Alana escutou os soldados
- Hum... Olá, boneca, qual o seu nome?
- Le-Leonôra...
- Nombarathianos tem nomes estranhos mesmo... Mas, veja só você... Não é nada mau, não concordam? – Os demais riram. 0 Vem comigo. Eu nunca estive com uma loirinha antes.
Alana conseguiu abrir a passagem e entrou nela, com todo o cuidado para não ser ouvida. O perfeccionismo do vovô veio a calhar, uma vez que as dobradiças não rangeram e a estante/parede falsa não arrastou no chão quando movida. Fechou e ali ficou. Deitada e com as duas mãos tapando a boca, para melhor segurar o choro.
- Grita pra mim, grita... – Um soldado falou com doçura na voz. – Mocinha... Não foi um pedido. Grita pra mim! – Nada. Alana escutou um tapa. Leonôra gemeu. – EU MANDEI GRITAR! – O som característico de uma espada sendo sacada. Leonôra gritou. – Isso! Assim que eu gosto! Grita mais! – novo grito – GRITA MAIS! – novo grito.
- Agora é minha vez! – Uma outra voz masculina.
- Ainda não terminei, não estás vendo?!
- Foda-se, tem outros buracos.
Todos riram. Alana chorava. Leonôra gritava. Portas arrombadas. Vidros quebrados. Meninas estupradas. Meninos mortos. Velhos mortos. Incapazes mortos. Crianças mortas. Solo manchado de vermelho.

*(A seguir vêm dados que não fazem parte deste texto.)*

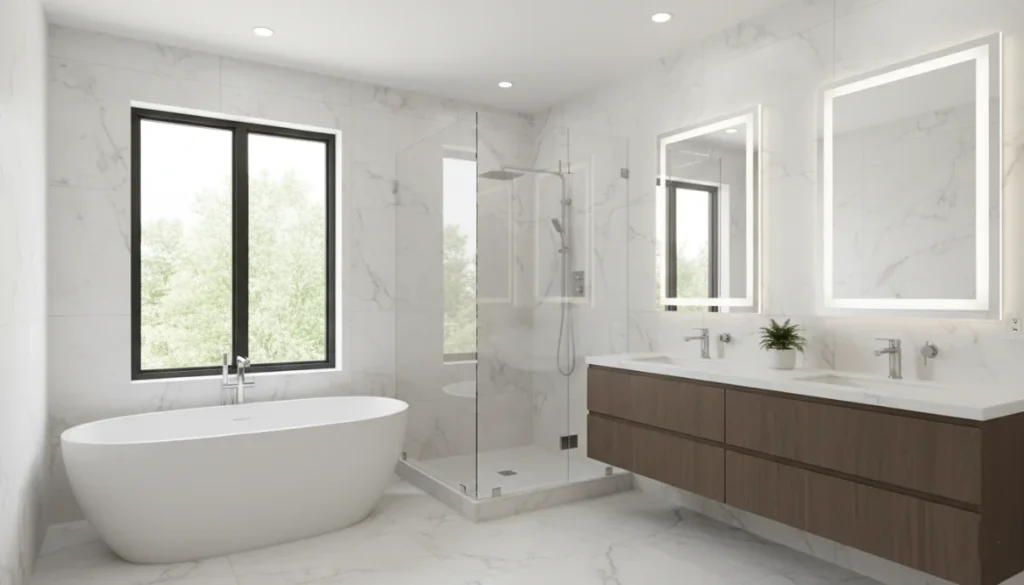 Modern bathroom with freestanding tub glass shower double vanity backlit mirrors and windows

            Quando raiou o dia, os soldados, não há muito, já haviam deixado a cidade. Alana saiu do esconderijo. Correu soluçando em direção a amiga. Ela estava em seu quarto. Seu corpo jazia ali. Sem vida. As lágrimas em suas bochechas ainda estavam molhadas. Seu corpo possuía dezenas de cortes, sendo o fatal, uma perfuração na boca do estômago. Lembrou-se do momento em que a amiga suplicava e do grito mais horripilante que já escutara na vida, então associou a esta perfuração. Deitou-se sobre o corpo nu da amiga e chorou copiosamente tudo o que teve de ouvir calada a noite toda. Chorou pelo avô. No fim, chorou de raiva, por não ter conseguido abrir a passagem secreta a tempo. Quando voltou a si havia quebrado todo o quarto. Não sabia dizer se realmente tinha feito aquilo. Pensou, inclusive, que tivesse pegado no sono. Não lembrava. Pegou a amiga no colo e desceu as escadas. Iria fazer um funeral. Encontrou uma pá nas ferramentas do avô, foi até o quintal e começou a cavar.

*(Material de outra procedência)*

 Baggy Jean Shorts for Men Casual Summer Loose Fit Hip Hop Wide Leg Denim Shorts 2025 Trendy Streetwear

Quando voltava para o quarto, notou que a casa estava intacta. Exceto pelo seu quarto, que ela mesma havia destruído, e pela porta da frente arrombada, tudo estava no seu devido lugar. Não entendeu.
Encontrou sua roupa preferida. Deu um banho na amiga. Vestiu-a e a pôs na vala.
Enquanto tapava, chorava, lembrando dos melhores momentos. Ia começar a cavar o túmulo do avô, quando a sensação rotineira de que deveria estar indo para frente da televisão começou a fluir. Sabia que estava próximo do horário do primeiro pronunciamento oficial do dia. Sentia-se estranha. Largou a pá e foi para a sala. A TV ligou. O anúncio de que essa mensagem estava sendo exibida em cadeia nacional apareceu. Alana sentiu o conotativo estalo no cérebro. Era isso que faltara na véspera. Apesar de não ter prestado atenção no que o Soberano dizia, tinha reparado que essa mensagem não havia sido exibida. Perguntou-se o que esse desgraçado vomitaria.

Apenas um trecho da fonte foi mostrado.